● **Data below**:

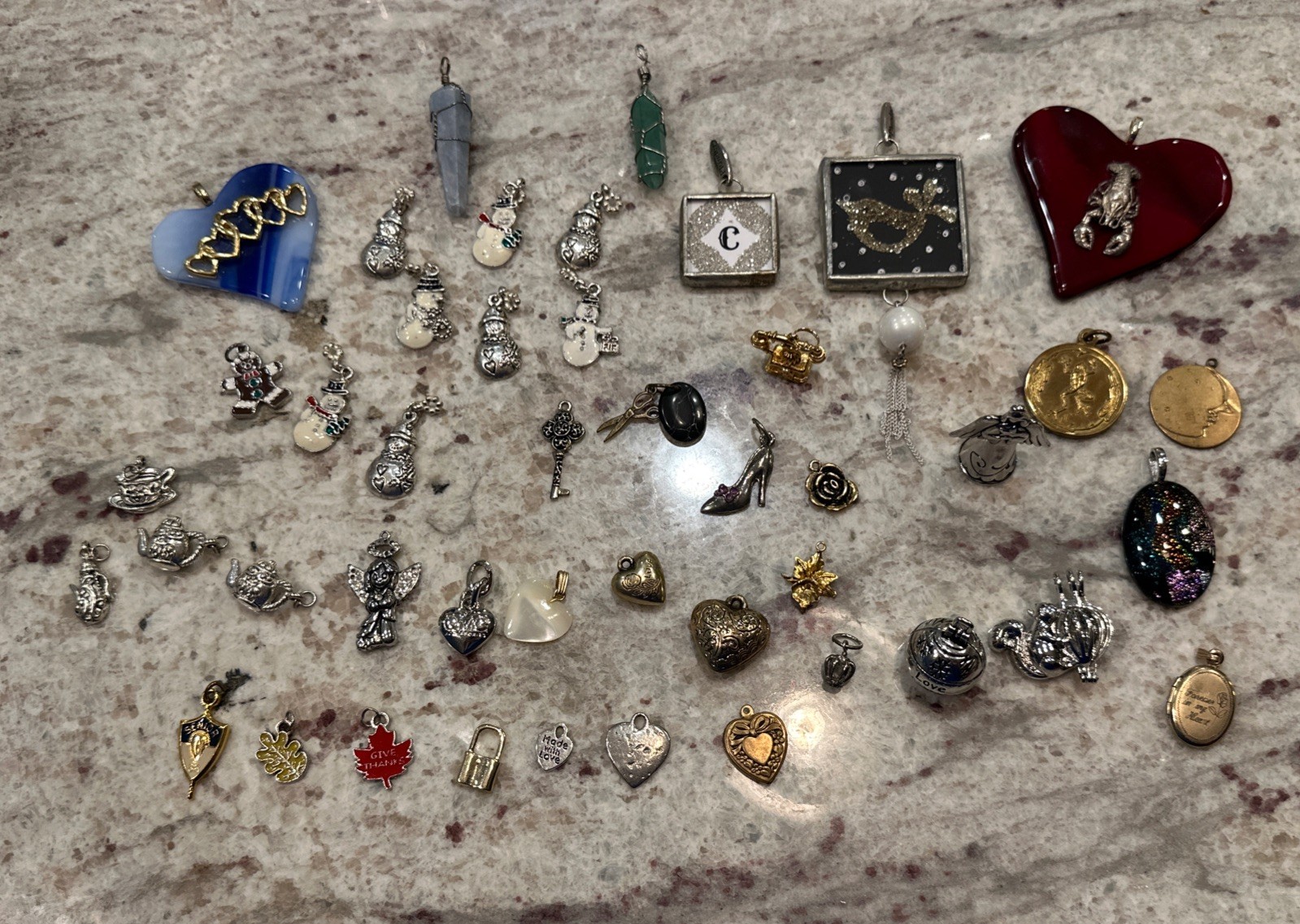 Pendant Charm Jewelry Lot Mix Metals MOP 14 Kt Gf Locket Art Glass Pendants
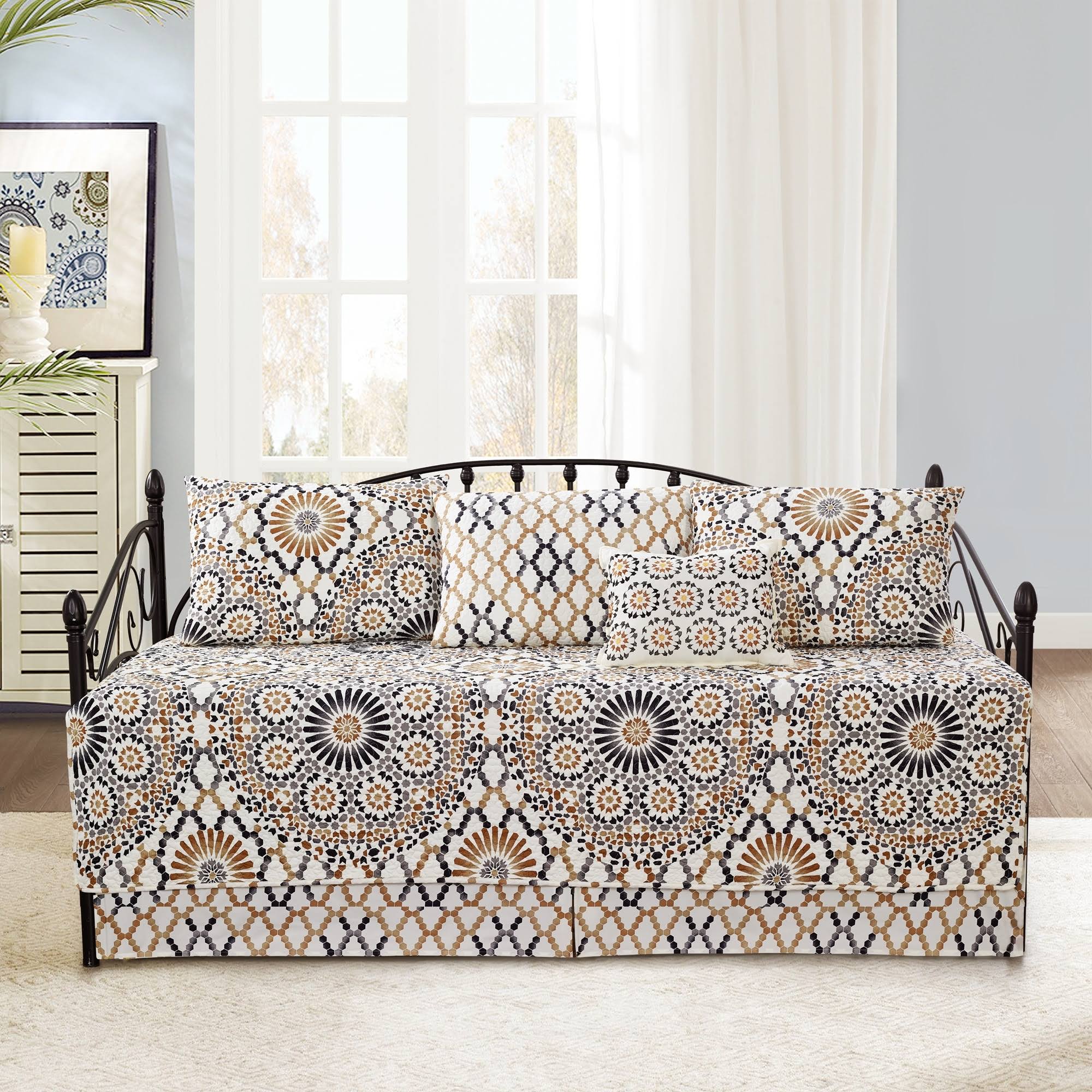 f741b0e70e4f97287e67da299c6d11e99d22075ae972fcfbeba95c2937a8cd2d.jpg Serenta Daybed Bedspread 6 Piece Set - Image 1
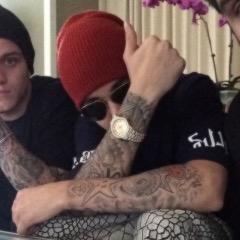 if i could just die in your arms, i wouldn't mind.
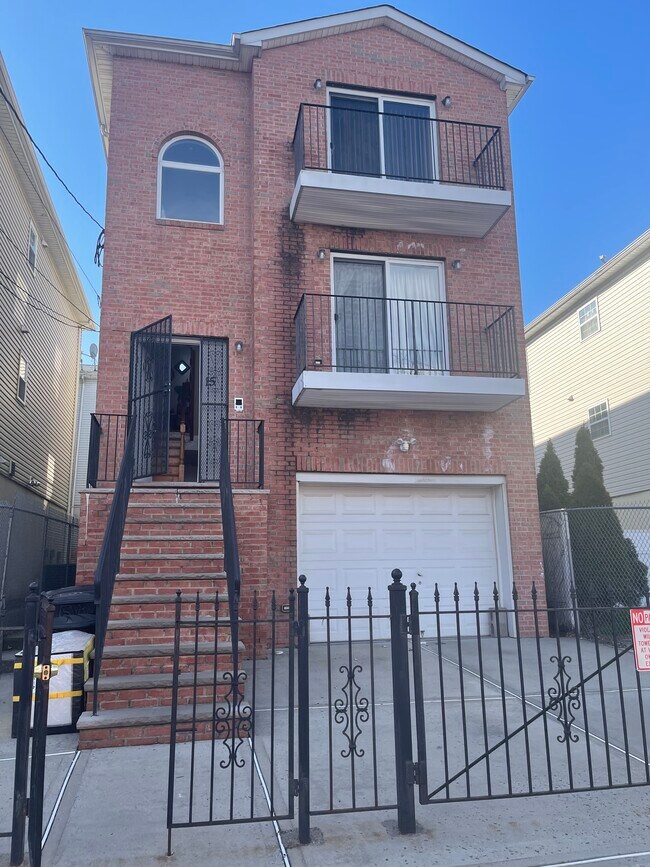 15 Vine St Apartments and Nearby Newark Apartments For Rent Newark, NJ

● **Task brief**:
What you give back must be exactly the lines of the listing above from the line containing "Set - Image 1" through its last line, inclusive, without pictures, please.

● **Task result**:
 f741b0e70e4f97287e67da299c6d11e99d22075ae972fcfbeba95c2937a8cd2d.jpg Serenta Daybed Bedspread 6 Piece Set - Image 1
 if i could just die in your arms, i wouldn't mind.
 15 Vine St Apartments and Nearby Newark Apartments For Rent Newark, NJ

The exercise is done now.